(Captioned web image data)
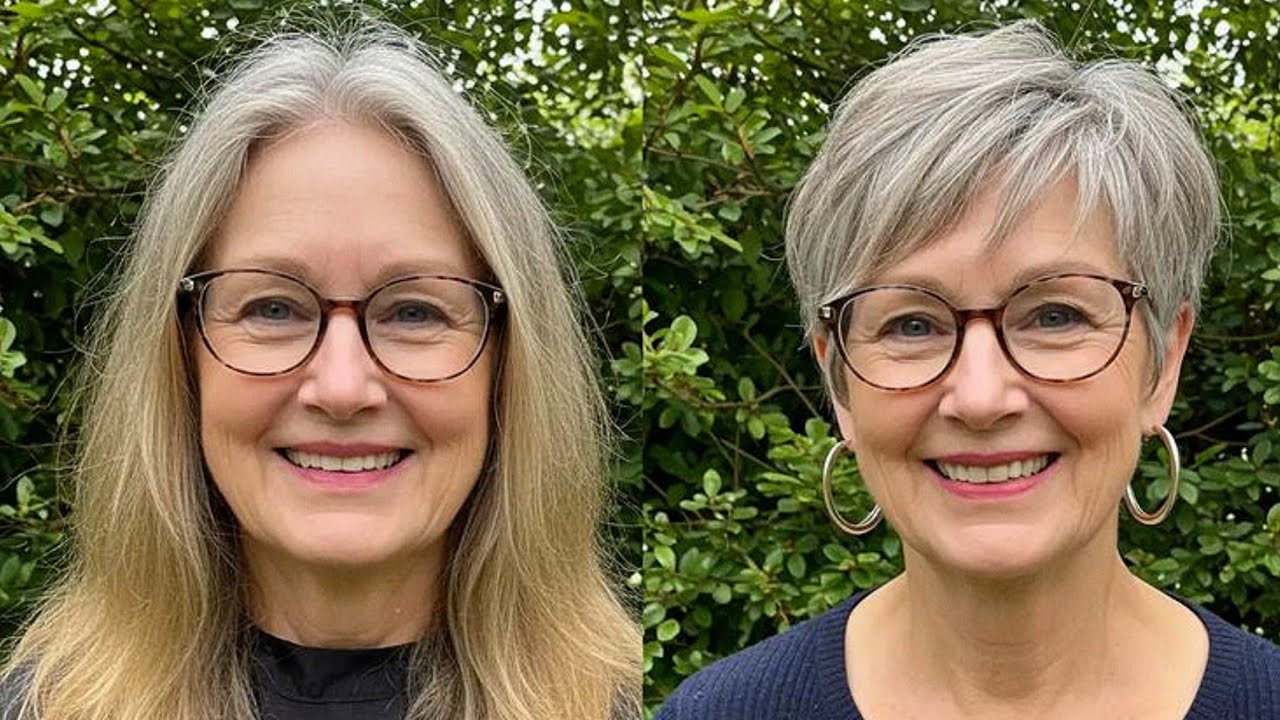 От длинных волос до стрижки пикси | Невероятная реакция на преображение волос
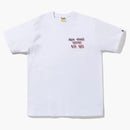 Bape Graffiti Check Ape Head Tee White Blue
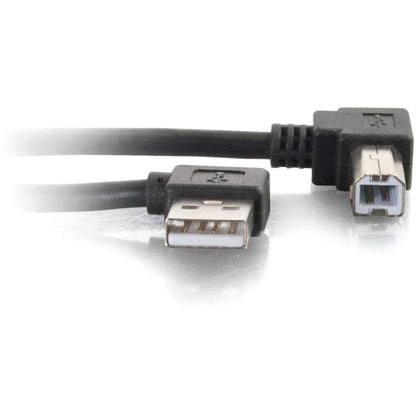 C2G 3m USB 2.0 Right Angle A/B Cable - Black (9.8ft)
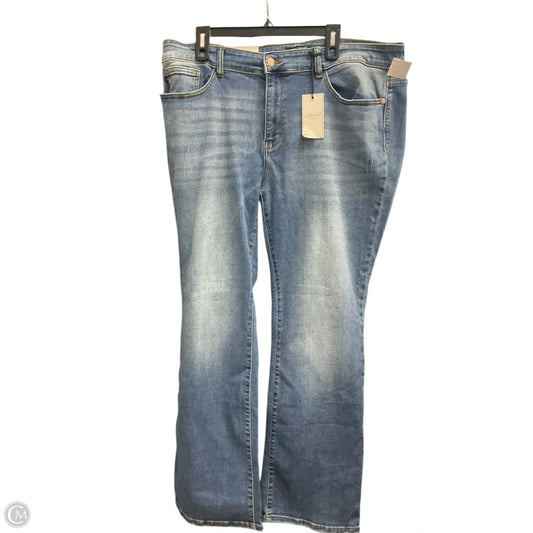 Jeans Straight By Judy Blue In Blue, Size: 20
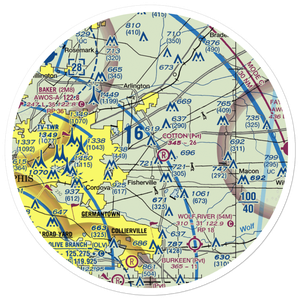Richardson Strip (TN18) VFR Sectional Sticker (30 mile)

### YOUR INSTRUCTIONS
A faithful copy is needed: reproduce all of the data above, leaving the pictures out.

### TASK ANSWER
 От длинных волос до стрижки пикси | Невероятная реакция на преображение волос
 Bape Graffiti Check Ape Head Tee White Blue
 C2G 3m USB 2.0 Right Angle A/B Cable - Black (9.8ft)
 Jeans Straight By Judy Blue In Blue, Size: 20
Richardson Strip (TN18) VFR Sectional Sticker (30 mile)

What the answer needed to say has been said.